On a roof four storeys above ground lies an Eden, unknown to many, close to the busy Orchard Road belt.
There, over 10 types of fruit trees grow, including guava, papaya, chiku and banana, nurtured from saplings by their keeper, Mr Lim Chin Tee.
Over the last four years, Mr Lim, or Uncle Lim as he is affectionately known, has transformed Hotel Jen Tanglin Singapore's rooftop, a usually forgotten spot of a building, into a sweet-smelling garden.
On most days, a peek into the 83.15 sq m space in the Cuscaden Road hotel - slightly smaller than an HDB four-room flat - would find the 76-year-old stooped over, tending to his oasis.
With his gardening shears and other tools in hand, he snips away wayward branches and tugs on stubborn weeds, or piles food waste like leftover rice, coffee grounds and egg shells into the soil to fertilise the plants.
He starts work at 9am and often stays till 3pm or 4pm. "It's not like I get overtime pay. Sometimes, it's because there is so much to do, and other times, I just forget the time because it is so relaxing," he said.
Uncle Lim has inspired us with his knowledge and wisdom. We intend to use the Spice Garden as an educational hub to pass on his teachings to the next generation of staff, guests and members of the public.

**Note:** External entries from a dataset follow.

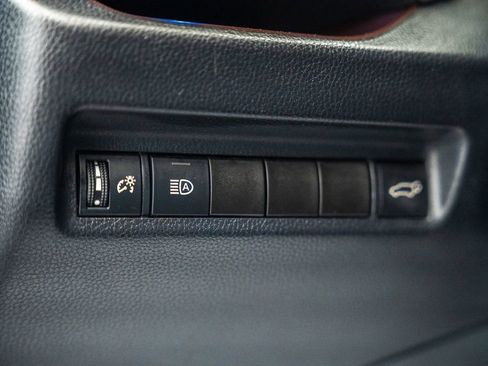 Used 2019 Toyota RAV4 Limited w/ All Weather Liner Package AWD/4WD image 44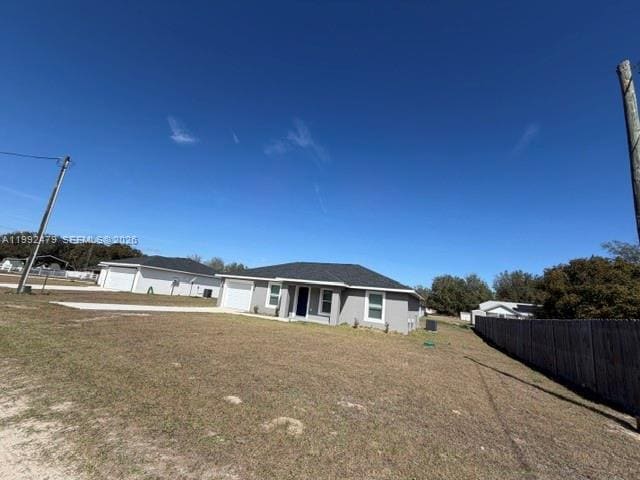 Photo - 13187 SW 103rd Pl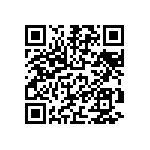 D38999-20MB2HB-LC QRCode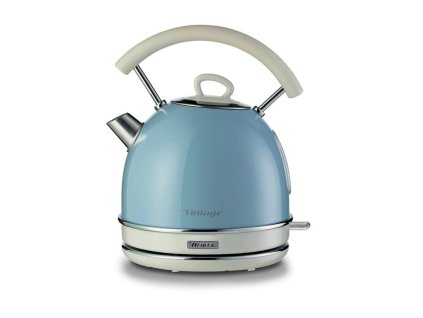 250224084231 ariete vintage rychlovarna konvice modra 2877 05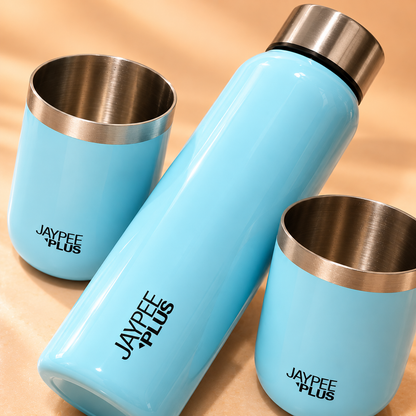 JAYPEE NEXON 3PCS GIFT SET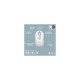 Logitech Signature Slim Combo MK950 Off White (920-012491)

MS JULIANA JAUW, Hotel Jen Tanglin Singapore's assistant communications manager, on Mr Lim, the hotel's gardener.
It would seem reasonable for a man his age to retire from work but Mr Lim said he does not want to be idle at home.
He read that it is important to stay active into old age to prevent chronic illnesses from developing. He feels that gardening helps to keep his body fit and his mind sharp.
His first brush with gardening came in 1954 when he was just 14 years old.
A friend gave his family two mango trees, which they planted at the front and back of their house. They flowered and bore fruit.
That was the start of a lifelong passion. After he left school, he began supervising gardeners at the former Mandai Orchid Gardens and working in the gardens of private homes.
He decided to get certification when then Prime Minister Lee Kuan Yew declared in 1967 that he would transform Singapore into a garden city.
Mr Lim completed a six-month gardening course at the Singapore Botanic Gardens in 1970 and has earned his keep as a gardener since then, working at hotels on weekdays and private homes on weekends.
It was a former employer, the general manager of the predecessor of the Hotel Jen Tanglin Singapore, who got Mr Lim his current job.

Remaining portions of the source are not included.